Data extract:
☆ ☆ ☆ ☆ ☆

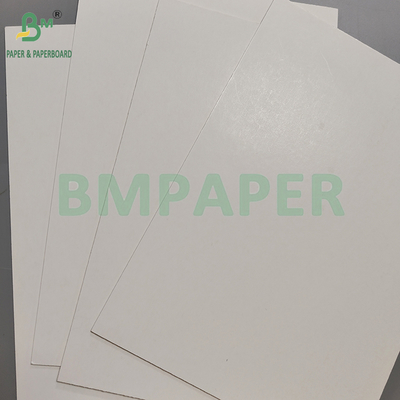 3 mm doppelseitig beschichtet, mit hoher Steifigkeit, Weißtafelpapier für Billboard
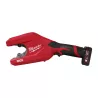 M12 PCSS54 | Coupe-tube inox sans fil Milwaukee RAPTORXL™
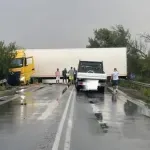 За по-малко от час: Три катастрофи на АМ "Хемус"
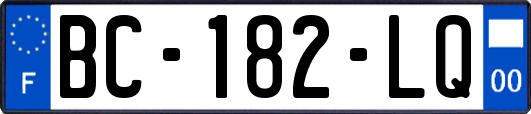 BC-182-LQ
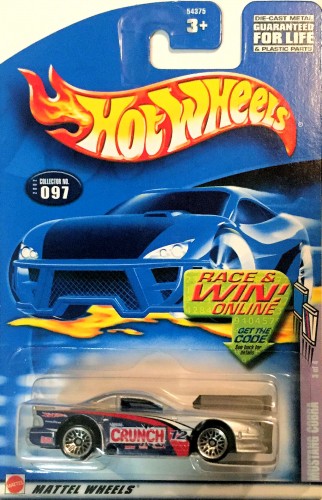 98 Ford Mustang Cobra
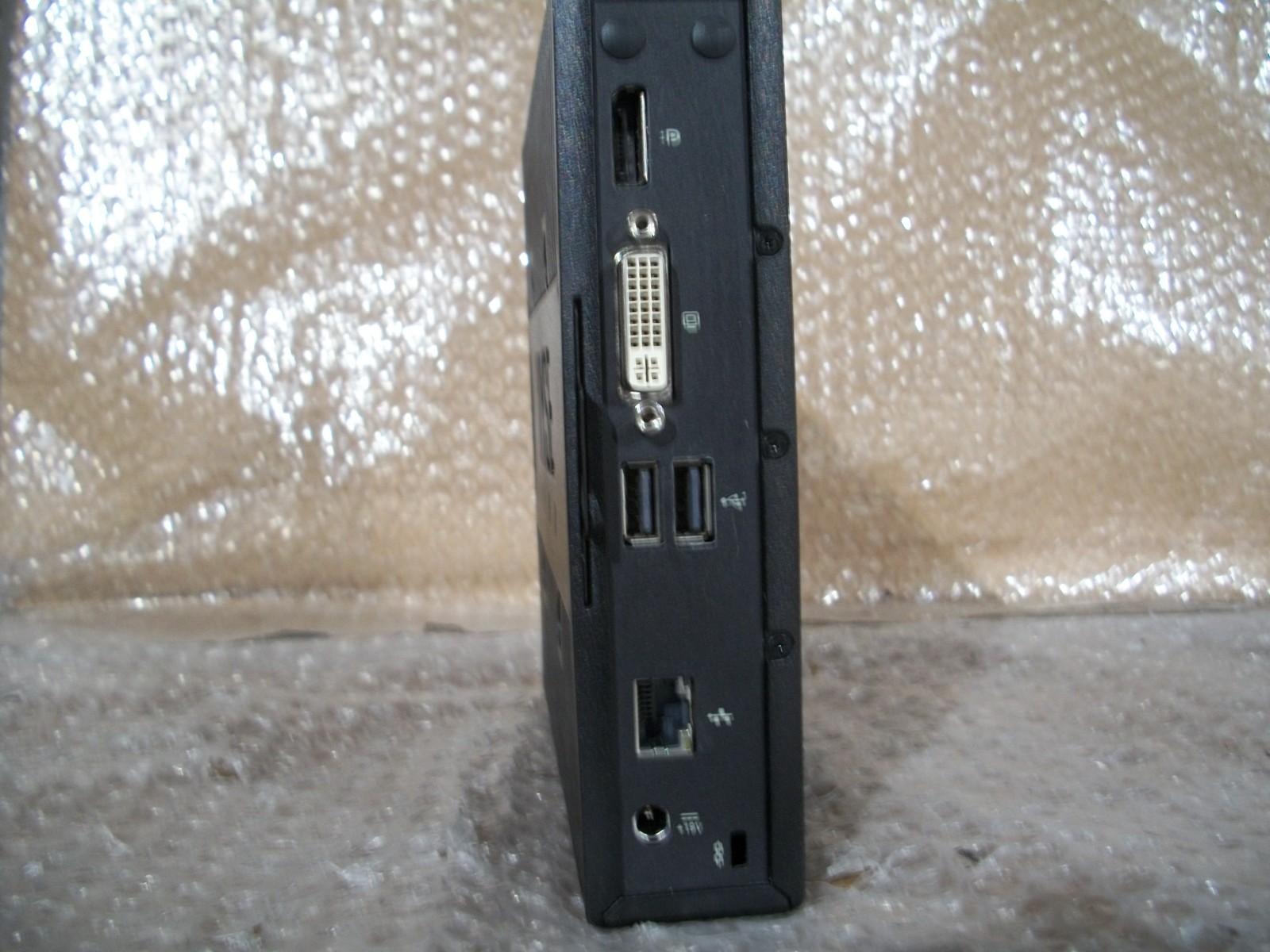 Wyse Dell Dx0D Thin Client DX0D AMD G-T48E Dual Core 1.40GHz 8GB SSD 2GB RAM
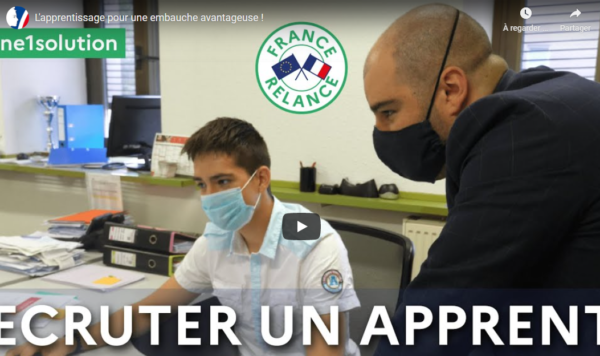 L'apprentissage pour une embauche avantageuse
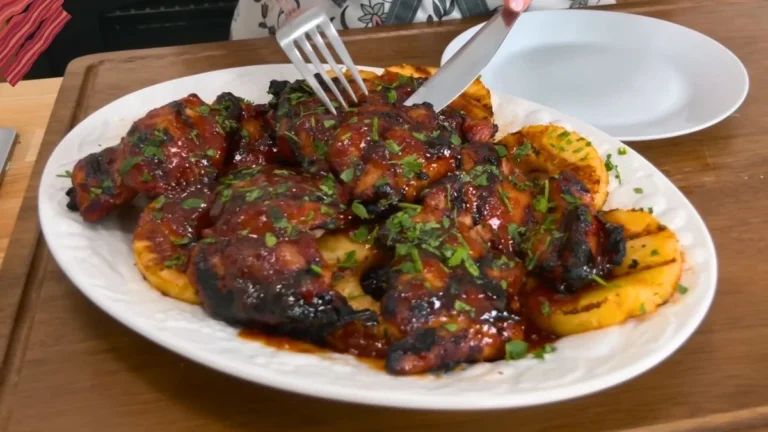Hawaiian Bros Kilauea Chicken Recipe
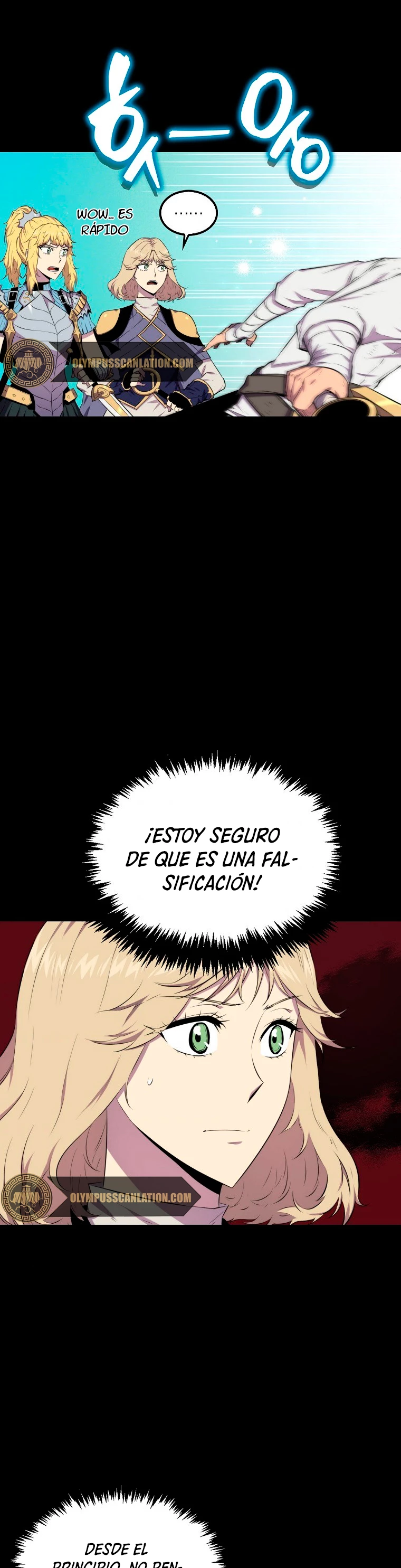 Ranker Dormido - Capítulo 21 - Página 25 - LectorTMOo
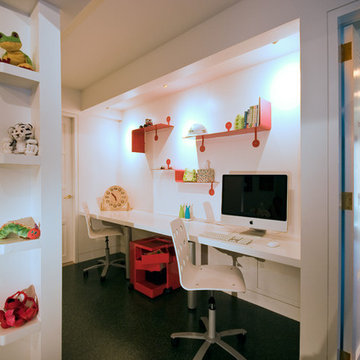 Central Park South Residence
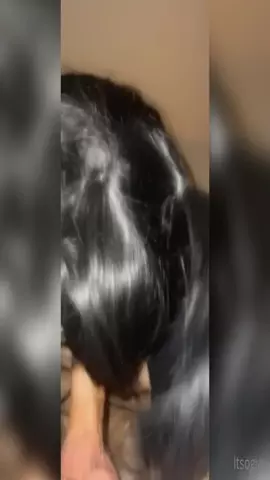 Jayla Cuateco aka slutinELA pov blowjob clip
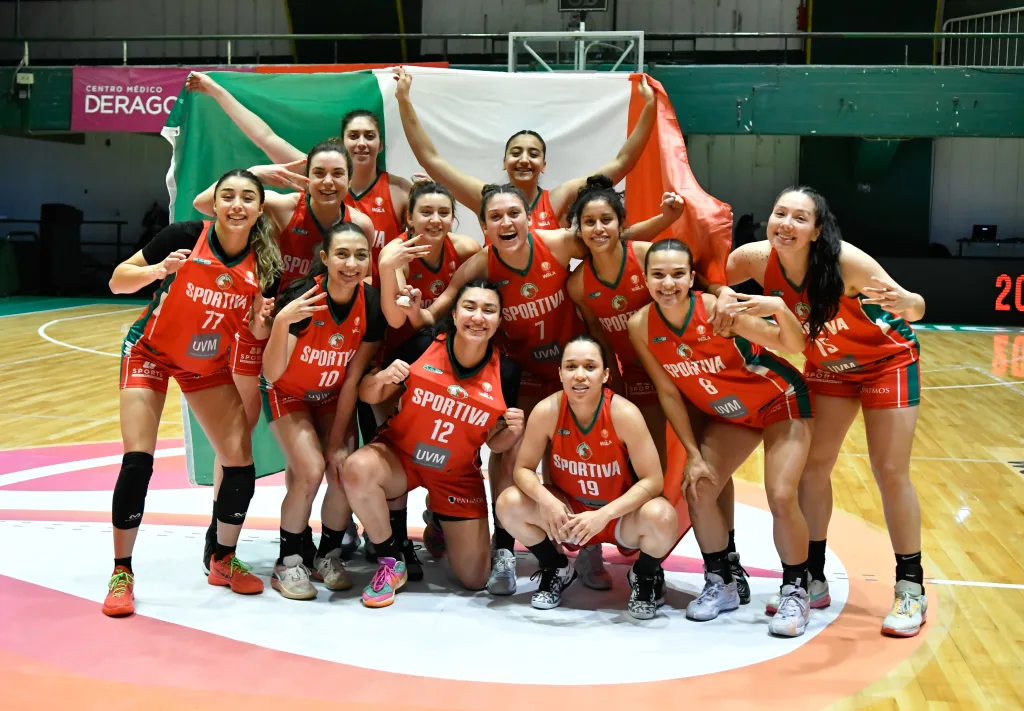Euipo de Sportiva Italiana WBLA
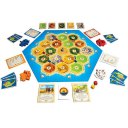 Catan Board Game Family Fun Playing Card Game Educational Theme Cards Game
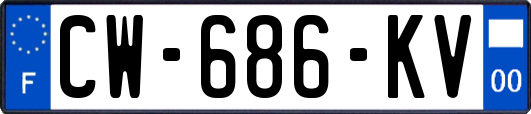 CW-686-KV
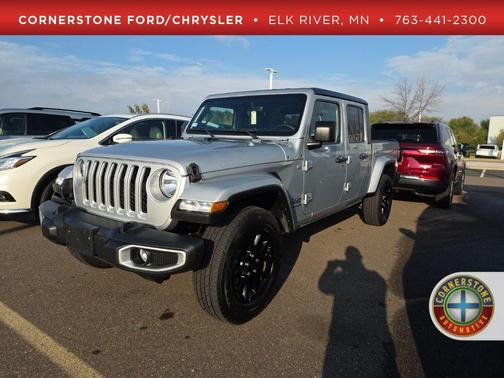 2023 Jeep Gladiator Overland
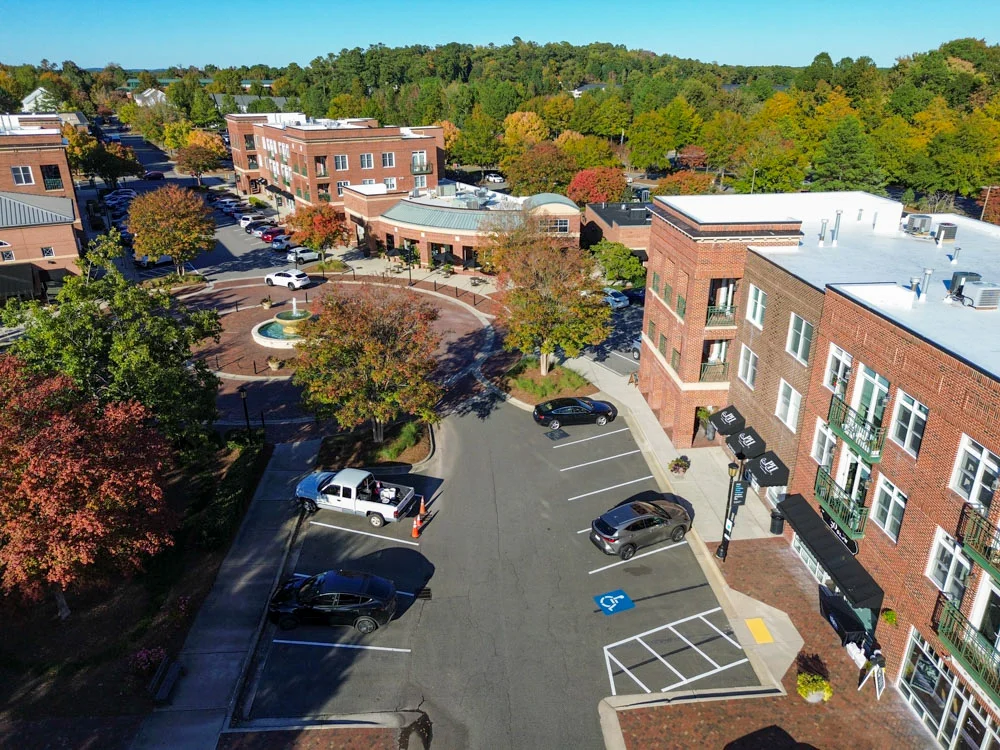 Commercial Drone Services Raleigh NC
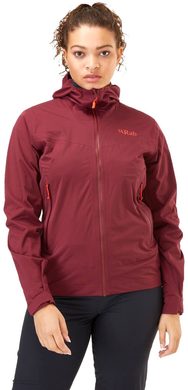 RAB Kinetic 2.0 Jacket Women's, deep heather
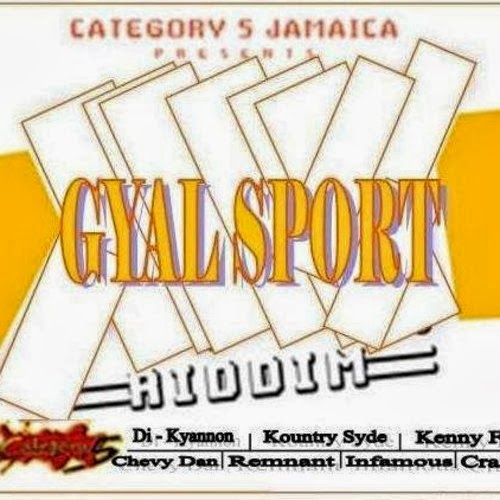 gyal sport riddim - category 5 production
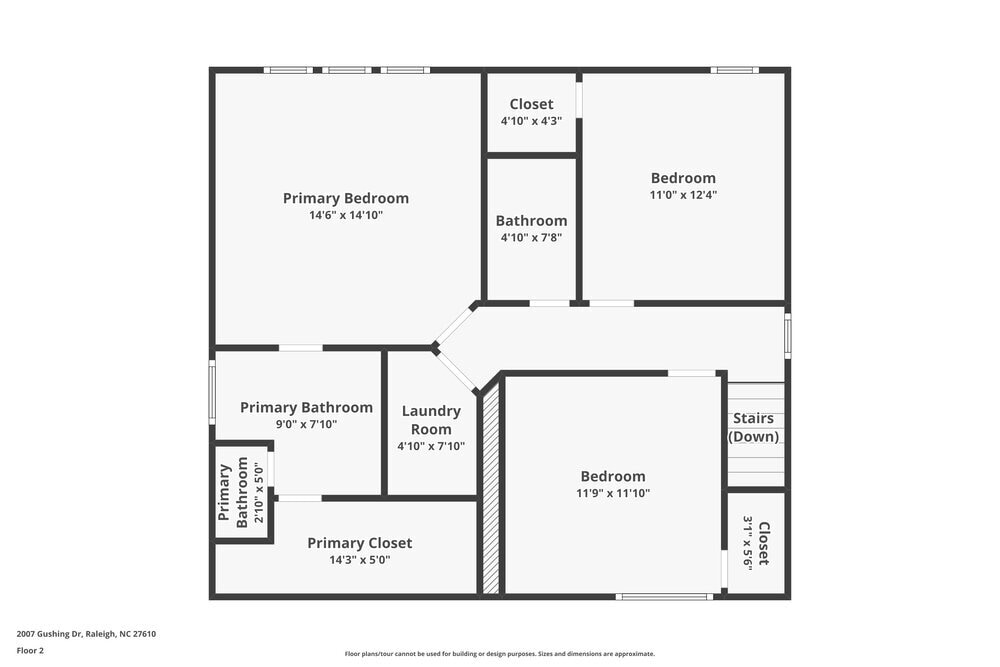Building Photo - 2007 Gushing Dr
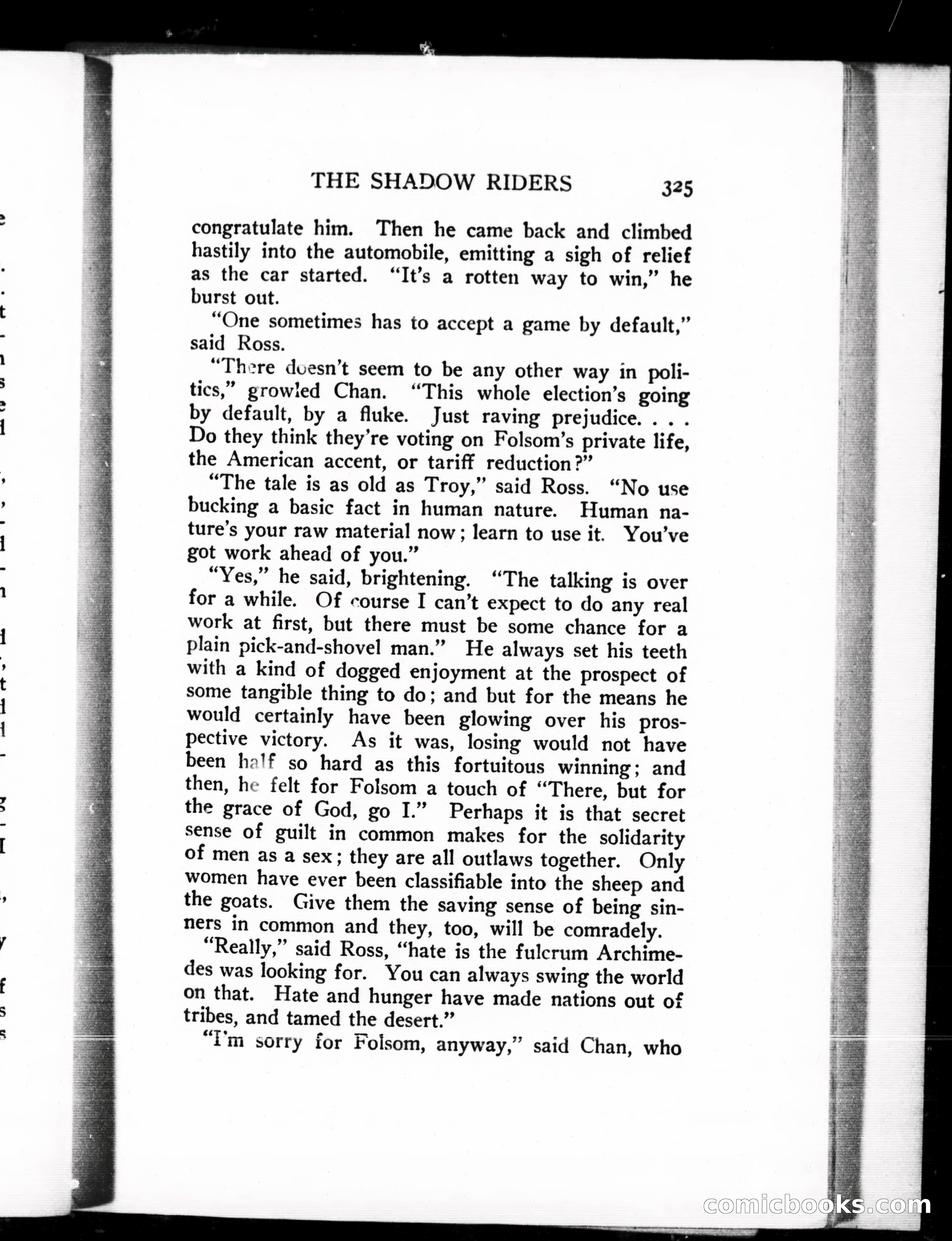 The Shadow Riders — page 337 of 390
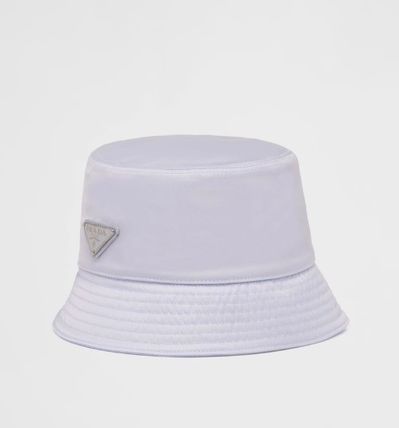 【完売前に★1つは持っていたい♪】PRADAプラダ バケットハット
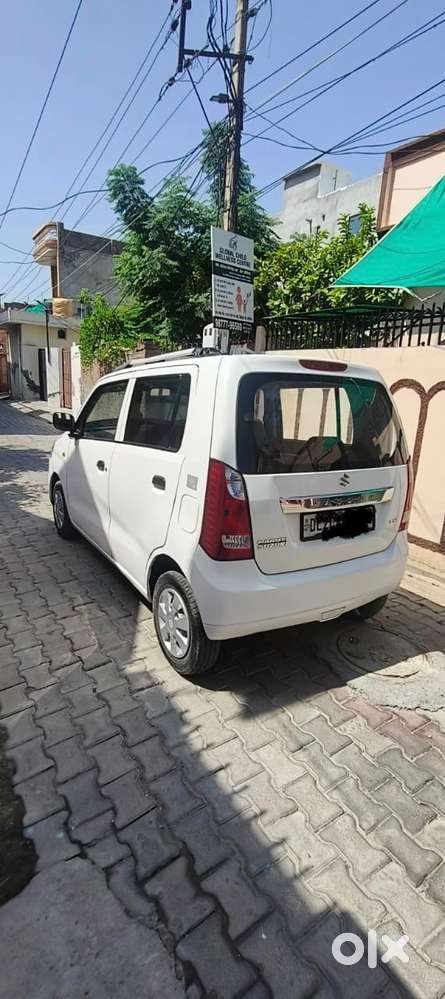 Maruti Suzuki Wagon R 2011 Cng & Hybrids Good Condition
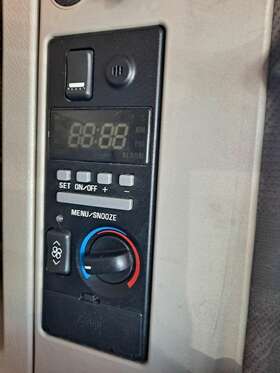 3592384 Volvo 2344876 Replaces Vnl 2007 Temperature Control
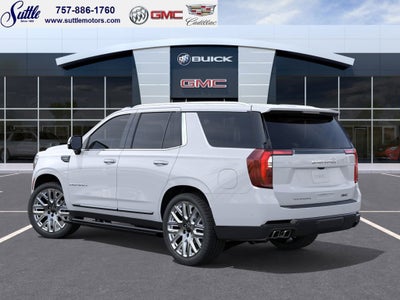 2026 GMC Yukon Denali Ultimate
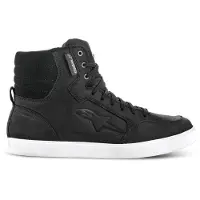 Alpinestars J-6 Wasserdichte Schuhe Black White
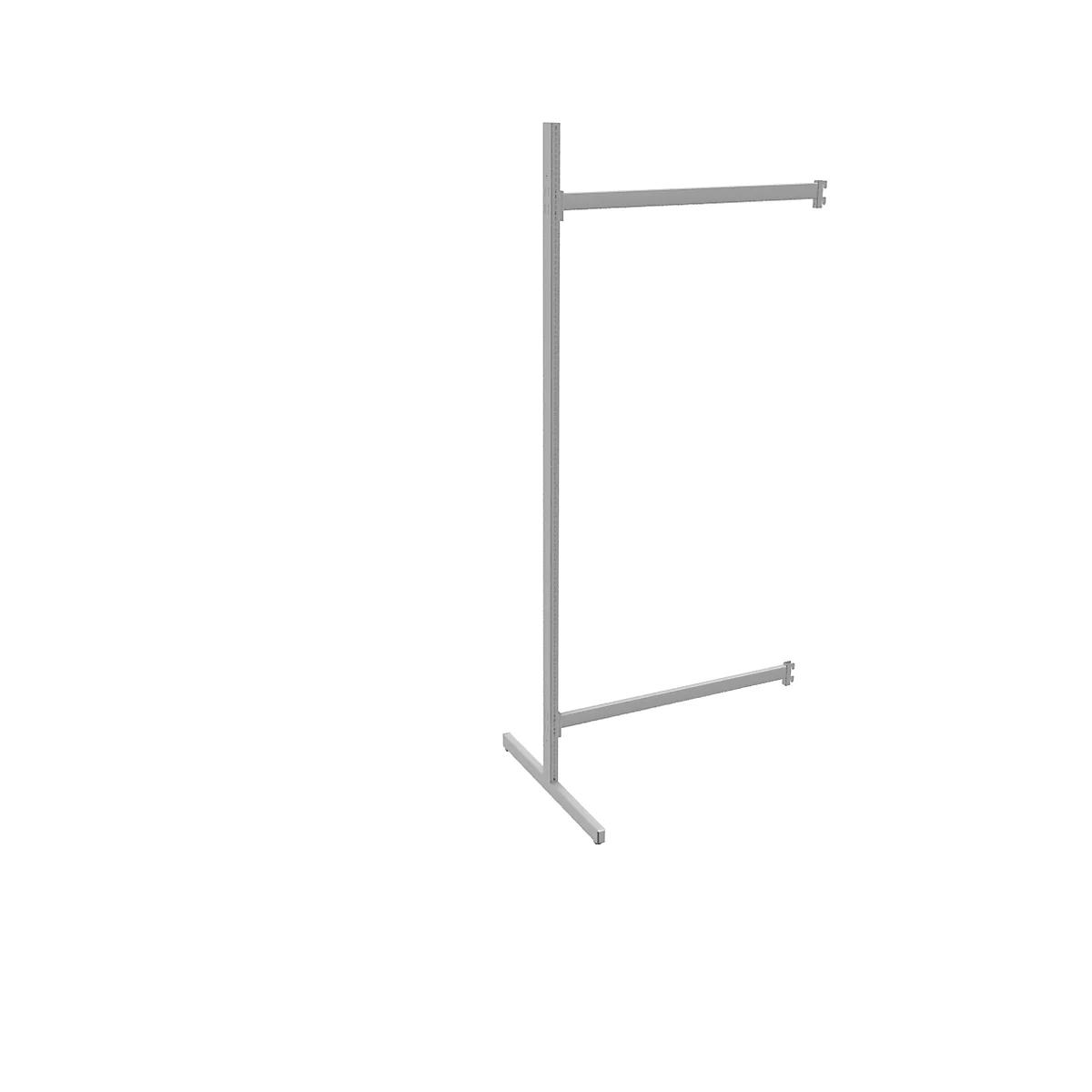 Rayonnage ouvert Variabo, module d'extension, utilisable des deux côtés, L 1000 x H 2250 mm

☆ ☆ ☆ ☆ ☆

Activity:
Output the line that contains "L'apprentissage pour une" and every subsequent line through the end of the entries, exactly as given, without pictures.

Solved exercise:
 L'apprentissage pour une embauche avantageuse
Hawaiian Bros Kilauea Chicken Recipe
 Ranker Dormido - Capítulo 21 - Página 25 - LectorTMOo
 Central Park South Residence
 Jayla Cuateco aka slutinELA pov blowjob clip
Euipo de Sportiva Italiana WBLA
 Catan Board Game Family Fun Playing Card Game Educational Theme Cards Game
 CW-686-KV
 2023 Jeep Gladiator Overland
 Commercial Drone Services Raleigh NC
 RAB Kinetic 2.0 Jacket Women's, deep heather
 gyal sport riddim - category 5 production
Building Photo - 2007 Gushing Dr
 The Shadow Riders — page 337 of 390
 【完売前に★1つは持っていたい♪】PRADAプラダ バケットハット
 Maruti Suzuki Wagon R 2011 Cng & Hybrids Good Condition
 3592384 Volvo 2344876 Replaces Vnl 2007 Temperature Control
 2026 GMC Yukon Denali Ultimate
 Alpinestars J-6 Wasserdichte Schuhe Black White
 Rayonnage ouvert Variabo, module d'extension, utilisable des deux côtés, L 1000 x H 2250 mm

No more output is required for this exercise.